The derived indicative threshold value of ASTP at 95.5mmHg (specificity 0.86, sensitivity 0.84) for indicating ABPI≤0.9 is about 50% higher than the current recommended value of 60mmHg.10 The current threshold of ASTP<60mmHg may be under-diagnosing many patients who may benefit from earlier detection and intervention during routine DFS. As the results of this study are consistent with previously reported threshold values of 97mmHg to be indicative of PAD,14 the current recommendation of ASTP<60mmHg for indicating ABPI-determined PAD in DFS in Singapore needs to be reconsidered as more data and evidence become available.

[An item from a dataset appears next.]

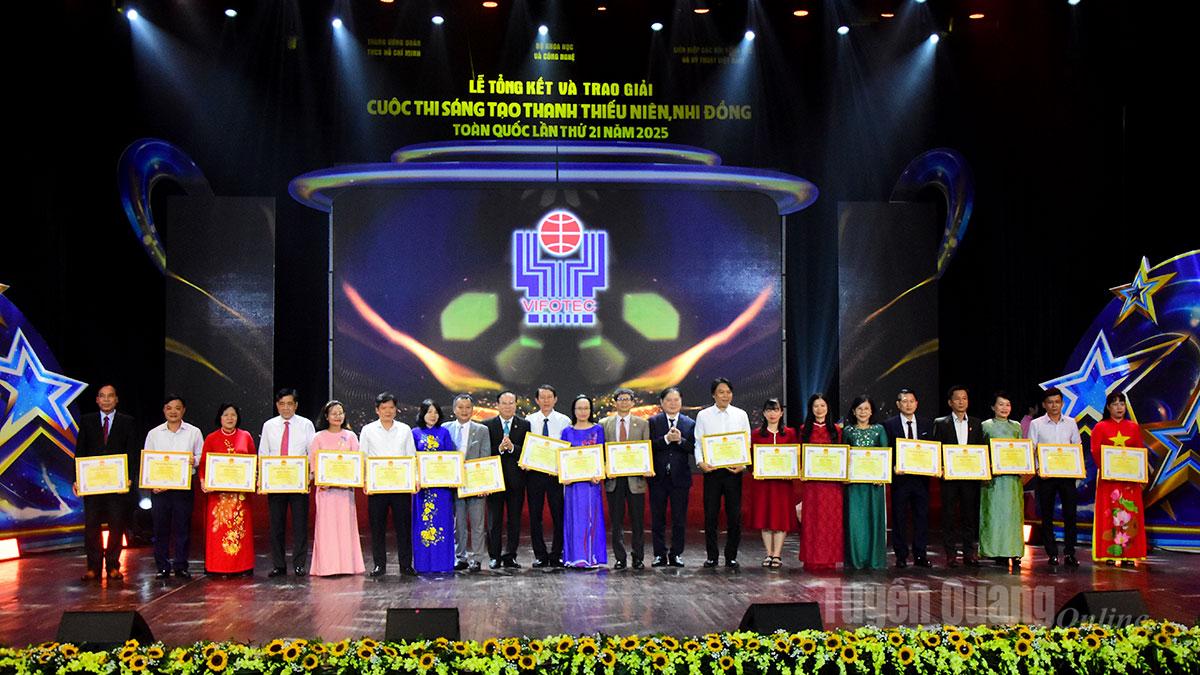 Vertegenwoordigers van de Unie van Wetenschaps- en Technologieverenigingen van de provincie Tuyen Quang ontvingen een Certificaat van Verdienste van het Organisatiecomité voor hun uitzonderlijke prestaties bij het promoten en populariseren van de wedstrijd van 2025.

One limitation of our study was the potential for measurement errors as only single readings were performed for each parameter. To minimise this, all readings were performed by 3 trained podiatry assistants. The accuracy of ABPI was another limitation. Although ABPI≤0.9 is considered the accepted standard in assessing PAD in routine DFS, limitations have been reported regarding its reduced accuracy in the presence of medial arterial calcification. However, ABPI is still the de facto standard recommended by international guidelines and is commonly used worldwide for routine DFS. Future studies may consider investigating how ABPI, TBI and ASTP compare with each other using colour duplex sonography as the reference test to overcome the limitation of ABPI. ROC analysis may be used to further investigate the optimal threshold value for indicating PAD for ABPI, TBI and ASTP, with colour duplex sonography as the reference standard, in a multiethnic diabetic population in Singapore.

 

CONCLUSION

Our study showed that ASTP or TBI may be used to detect ABPI-determined PAD in DFS. The optimal threshold values derived from a multiethnic Asian diabetic population were <0.7 for TBI and <95.5mmHg for ASTP. ASTP is an effective and efficient single measurement modality that may be used as an alternative to the well-established ABPI in DFS.

Acknowledgements
We would like to thank our podiatry assistants Ms Dawamanie Peria Malek, Ms Chitra Duraisamy and Ms Faizah Binti Mohd Fadzlon for performing diabetic foot screening skilfully and faithfully.